Prepocess the data: for this part, I just copy and paste the same code I used in my assigment 10 on sentiment analysis to tidy the data. (“https://rpubs.com/NeverBored746/1112638”)
corpus <- Corpus(VectorSource(files))
corpus <- tm_map(corpus, content_transformer(tolower))
corpus <- tm_map(corpus, removePunctuation)
corpus <- tm_map(corpus, removeNumbers)
corpus <- tm_map(corpus, removeWords, stopwords("en"))
corpus <- tm_map(corpus, stripWhitespace)
Create the Document Term matrix DTM and save that in a dataframe.
dtm <- DocumentTermMatrix(corpus)
df <- as.data.frame(as.matrix(dtm))
# Tidy the column name to remove to replace any character not valid in R
colnames(df) <- make.names(colnames(df), unique = TRUE)
Add the labels to the data frame
df$label <- labels
Let’s explore the top 10 most used words for ham
# Filter the data frame for ham separately
ham_words <- df %>%
filter(label == 1) %>%
select(-label)
# Sum up the columns
ham_word_freq <- colSums(ham_words)
# Create a data frame of the top 10 words for ham
top_ham_words <- data.frame(word = names(sort(ham_word_freq, decreasing = TRUE)[1:10]),
freq = sort(ham_word_freq, decreasing = TRUE)[1:10])
top_ham_words
## word freq
## received received 14077
## sep sep 9788
## esmtp esmtp 8405
## localhost localhost 7347
## oct oct 5251
## tby tby 4728
## tfor tfor 4723
## postfix postfix 4661
## aug aug 4476
## ist ist 4224
Plot the data for the top 10 most used word for ham :
ggplot(top_ham_words, aes(x = reorder(word, -freq), y = freq)) +
geom_bar(stat = "identity", fill = 'blue') +
labs(title = "Top 10 Words",
x = "Word",
y = "Frequency") +
theme(axis.text.x = element_text(angle = 45, hjust = 1))

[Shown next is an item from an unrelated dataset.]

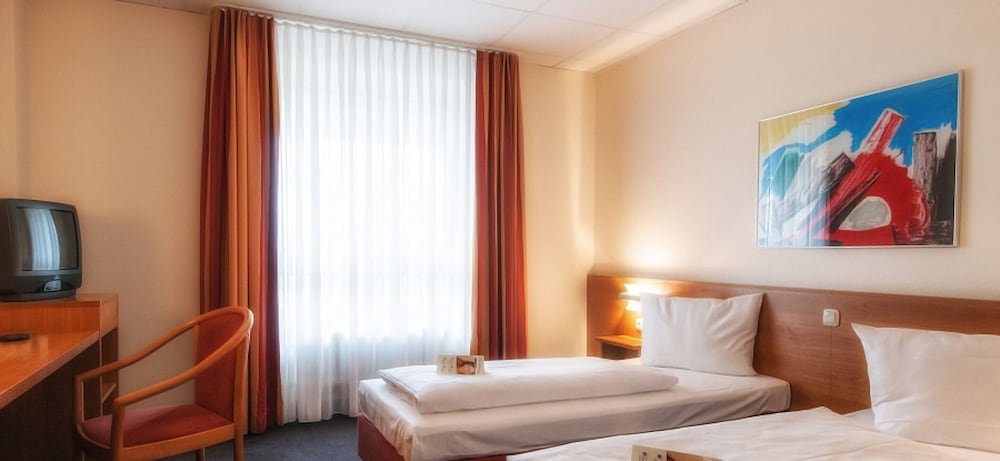 Standard Room, 2 Twin Beds photo 1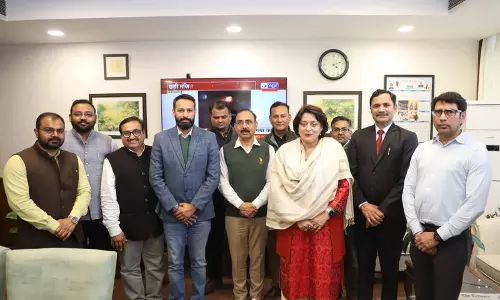 Haryana के रेवेन्यू अधिकारियों ने FCR से बातचीत के बाद हड़ताल खत्म कर दी Haryana के रेवेन्यू अधिकारियों ने FCR से बातचीत के बाद हड़ताल खत्म कर दी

Let’s do the same thing for spam emails:
# Filter the data frame for spam separately
spam_words <- df %>%
filter(label == 0) %>%
select(-label)
# Sum up the columns
spam_word_freq <- colSums(spam_words)
# Create a data frame of the top 10 words for spam
top_spam_words <- data.frame(word = names(sort(spam_word_freq, decreasing = TRUE)[1:10]),
freq = sort(spam_word_freq, decreasing = TRUE)[1:10])
# Plot the top 10 most used
ggplot(top_spam_words, aes(x = reorder(word, -freq), y = freq)) +
geom_bar(stat = "identity", fill = 'green') +
labs(title = "Top 10 Words",
x = "Word",
y = "Frequency") +
theme(axis.text.x = element_text(angle = 45, hjust = 1))

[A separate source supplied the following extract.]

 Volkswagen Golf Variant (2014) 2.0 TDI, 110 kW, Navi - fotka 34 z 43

We can observe that certain words, such as ‘received’, ‘localhost’, etc… are common in both ham and spam categories. This suggests that the key to distinguishing between spam and ham lies in identifying words that are less frequently shared between the two categories
I decided to use 80% of the data for a train set and 20% of the data for the test set
The issue I’ve encountered is that the data has more than 73,000 features after the it was transformed into DTM. I kept getting errors that the memory allocated for protecting objects in R is exhausted.

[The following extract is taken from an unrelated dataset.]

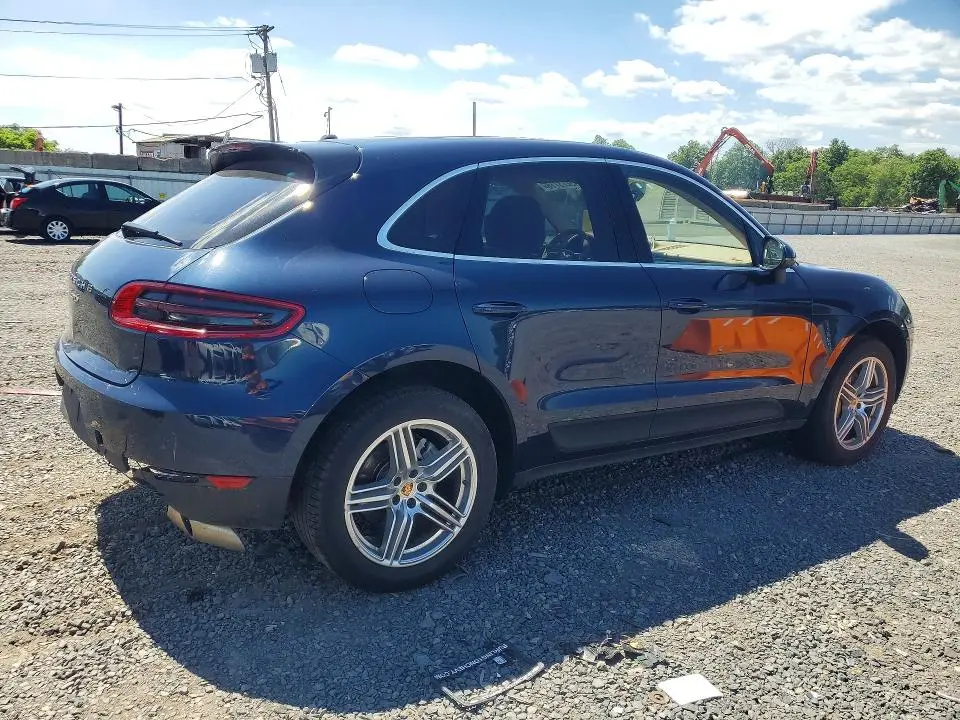 2016 PORSCHE MACAN S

I used different techniques like filtering out infrequently occurring words, recursive feature elimination, etc.. but i didn’t have success making the model better.
I used the text data to train my models. I split the data between train and test sets.
# Split the data into training (80%) and testing (20%)
set.seed(123) # For reproducibility
train_indices <- createDataPartition(data_df$label, p = 0.8, list = FALSE)
train_data <- data_df[train_indices, ]
test_data <- data_df[-train_indices, ]
We can use the Naive Bayes algorithm to classify the data. Note that the label is 1 if ham and 0 if spam.
model <- naiveBayes(label ~ text, data = train_data)
Now, we can evaluates the model using the test set.
# Make predictions on the test data
predictions <- predict(model, newdata = test_data)
#Evaluates the model
confusion_matrix <- table(predictions, test_data$label)
confusion_matrix
##
## predictions 0 1
## 0 0 0
## 1 100 500
Model score
accuracy <- sum(diag(confusion_matrix)) / sum(confusion_matrix)
accuracy
## [1] 0.8333333
Our model has an accuracy of 83%.
We can use data science to solve real life problem like detecting spams in emails. The next step is to try different algorithms to improve my model.